> **Short text fragments from websites**:
= = =
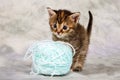 Kitten play with wool Royalty Free Stock Photo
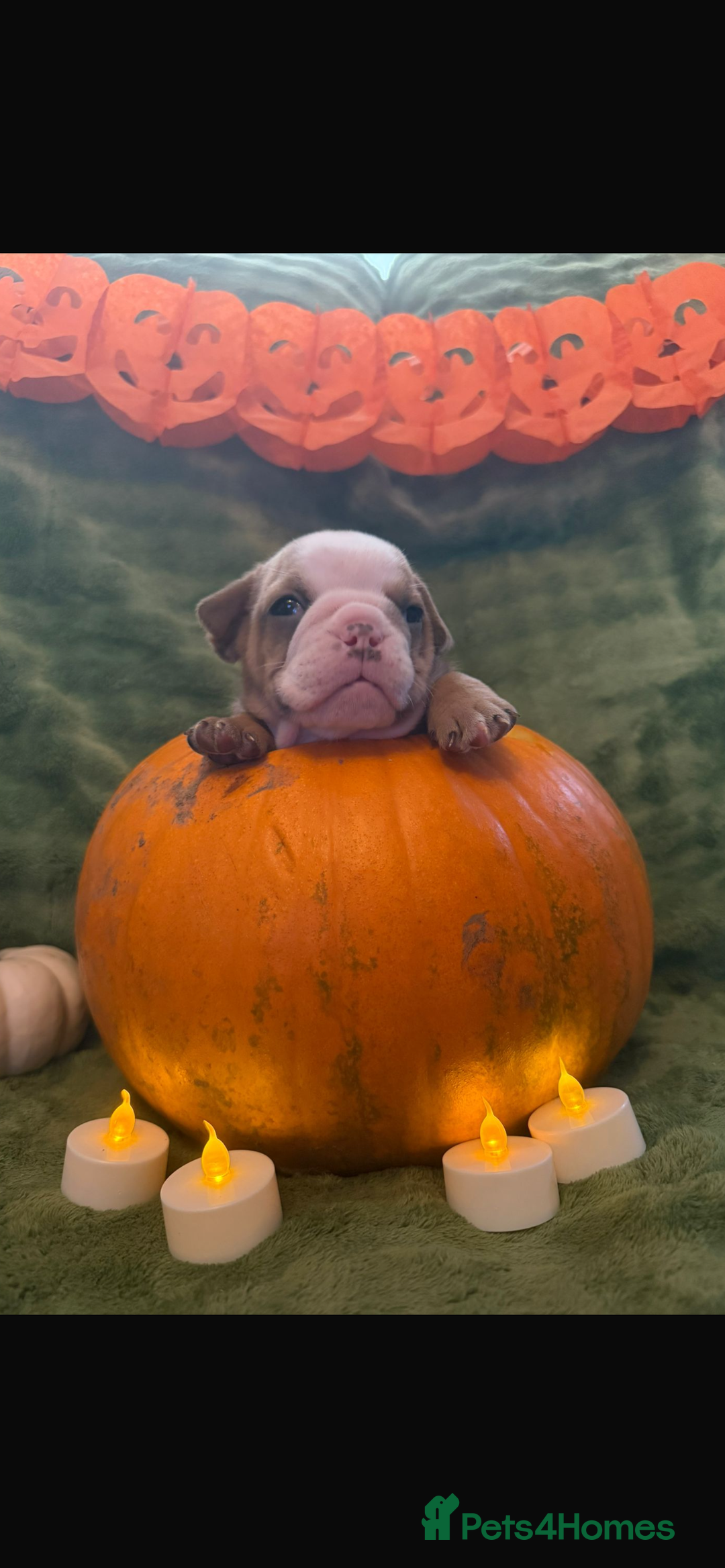 English Bulldog dogs for sale: Beautiful bulldog babies  - Image 3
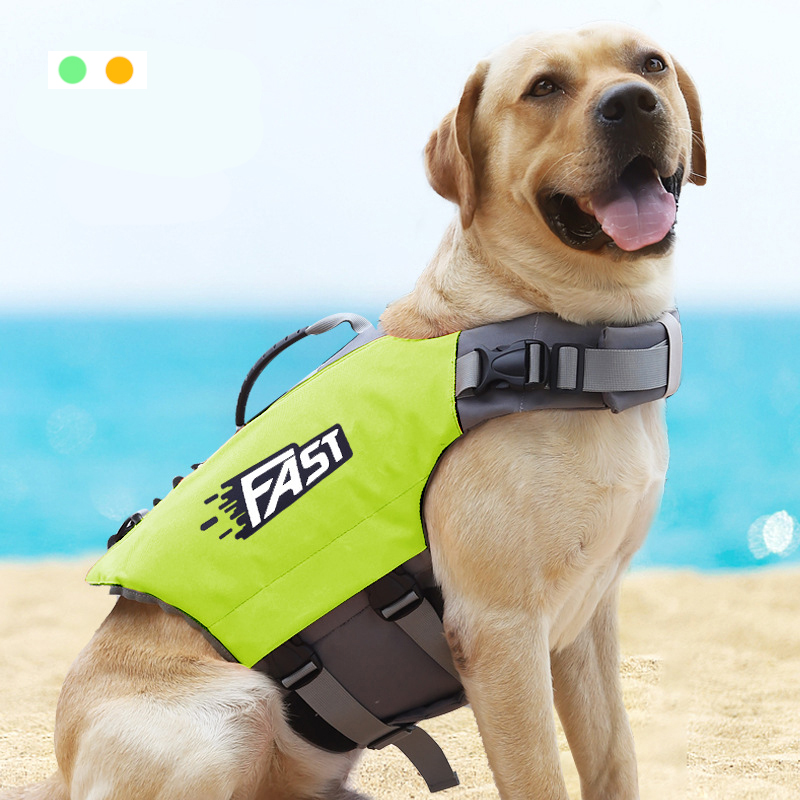 Pet Swimming Life Jacket Safet - Dog Life Jacket recensione e prezzo
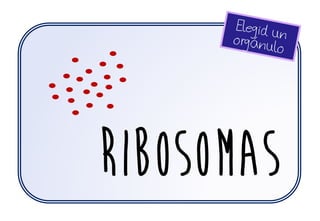 RIBOSOMAS
 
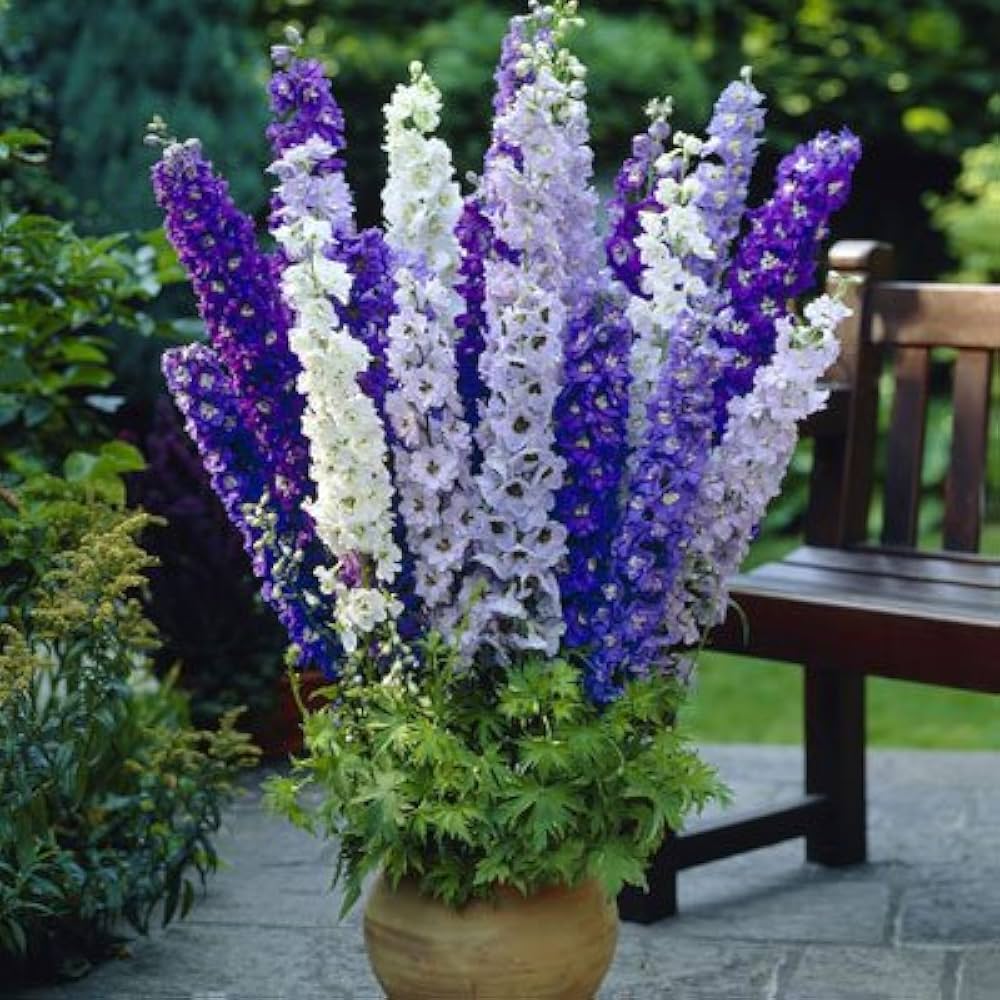 Mixed Verbascum Flower seeds for Planting Wildflower Mix, Heirloom & GMO Free Seeds for Home Garden vegetable and garden seeds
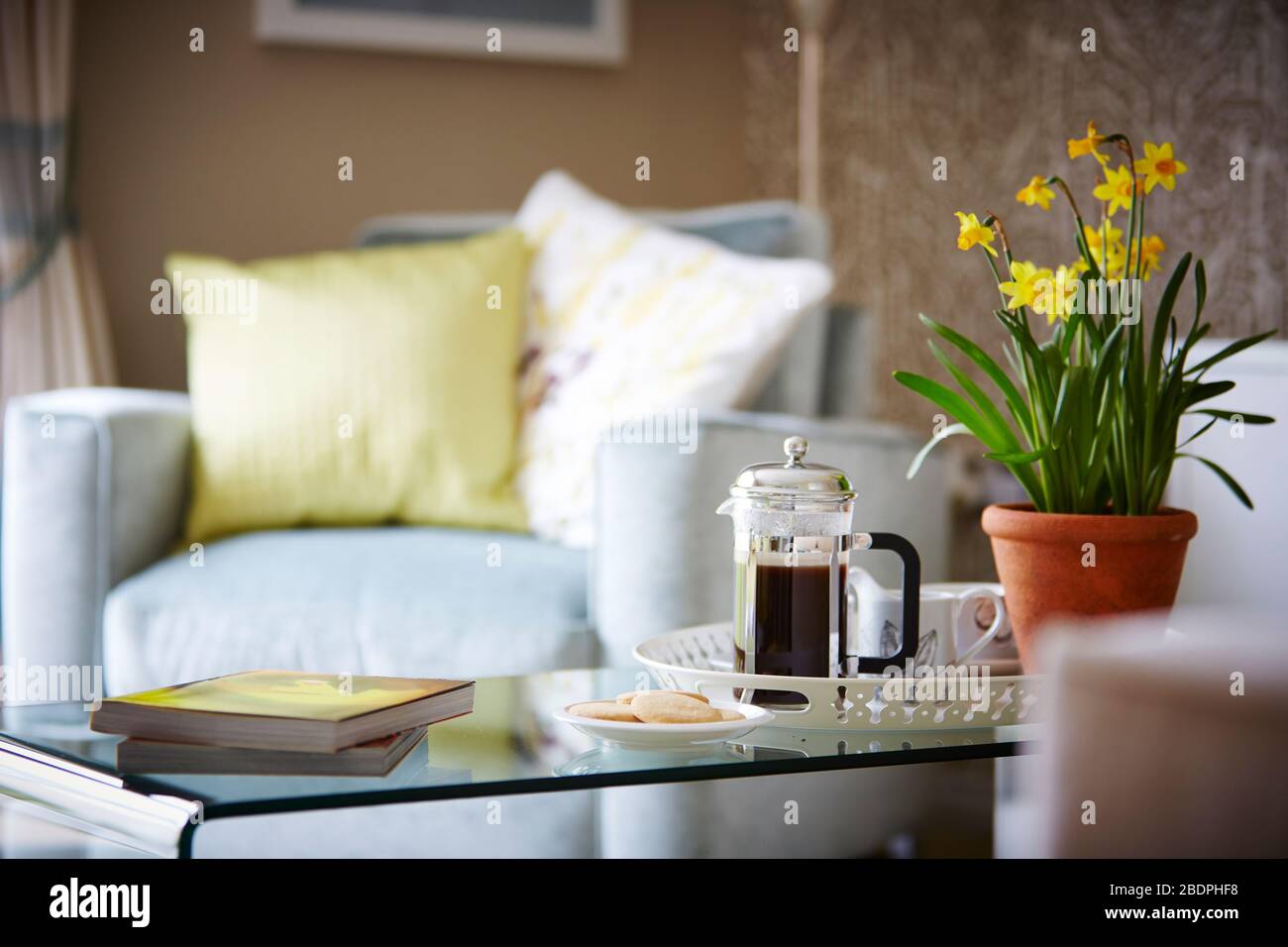 Das Frühstück wird auf einem Couchtisch mit einer Blumenpflanze im Wohnzimmer serviert Stockfoto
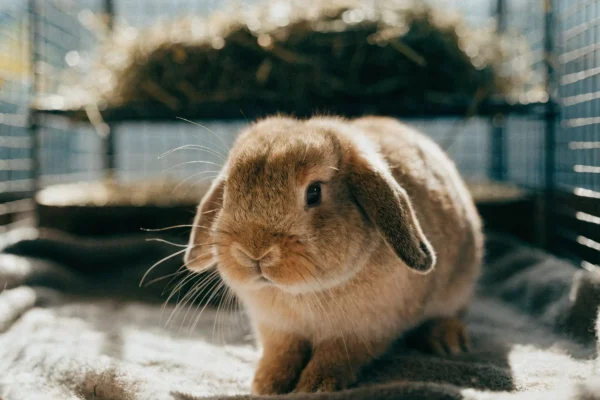 Fawn Holland Lop rabbit in spacious indoor pen with hay rack and natural lighting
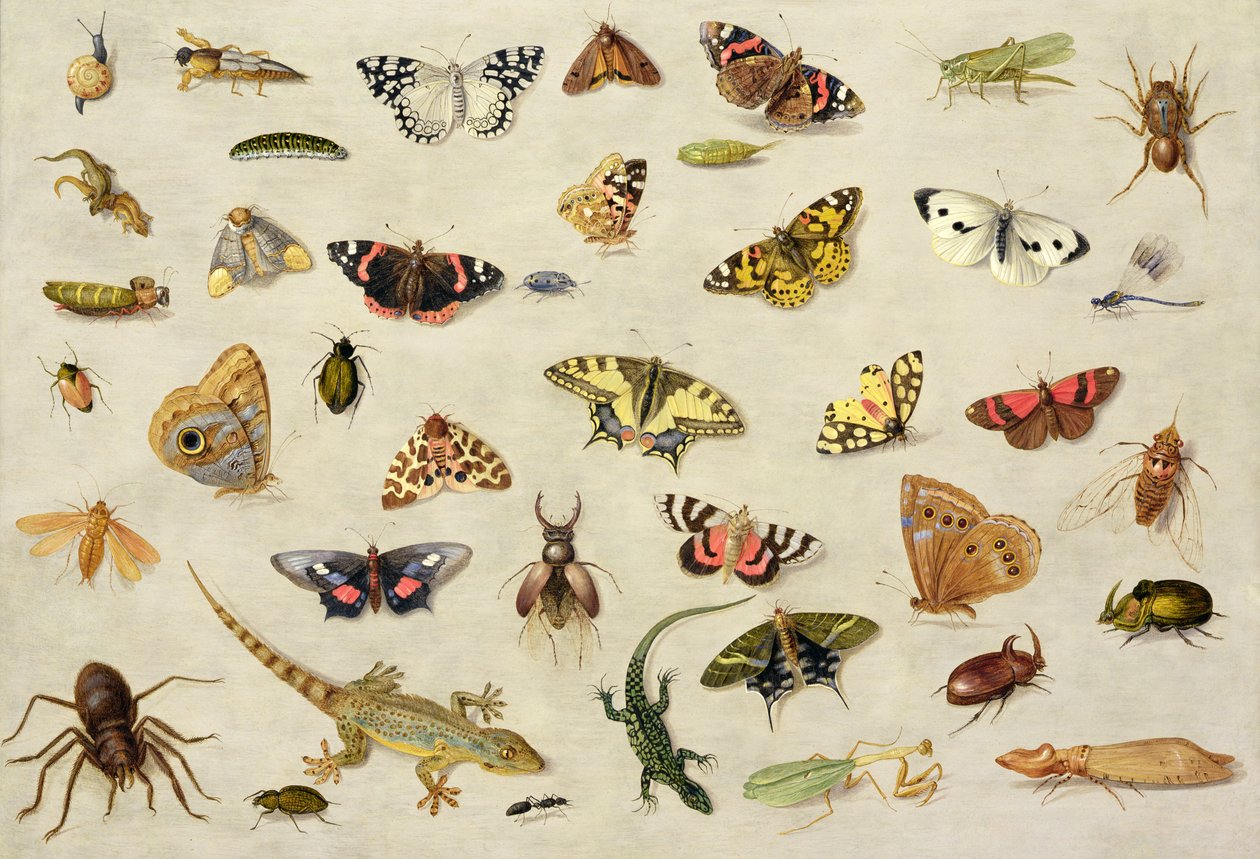 Een studie van insecten door Jan van Kessel the Elder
= = =
> **Exercise requirements**:
Copy every line above word for word and exclude the pictures.

> **Result for this exercise**:
 Kitten play with wool Royalty Free Stock Photo
 English Bulldog dogs for sale: Beautiful bulldog babies  - Image 3
 Pet Swimming Life Jacket Safet - Dog Life Jacket recensione e prezzo
 RIBOSOMAS
 
 Mixed Verbascum Flower seeds for Planting Wildflower Mix, Heirloom & GMO Free Seeds for Home Garden vegetable and garden seeds
 Das Frühstück wird auf einem Couchtisch mit einer Blumenpflanze im Wohnzimmer serviert Stockfoto
 Fawn Holland Lop rabbit in spacious indoor pen with hay rack and natural lighting
 Een studie van insecten door Jan van Kessel the Elder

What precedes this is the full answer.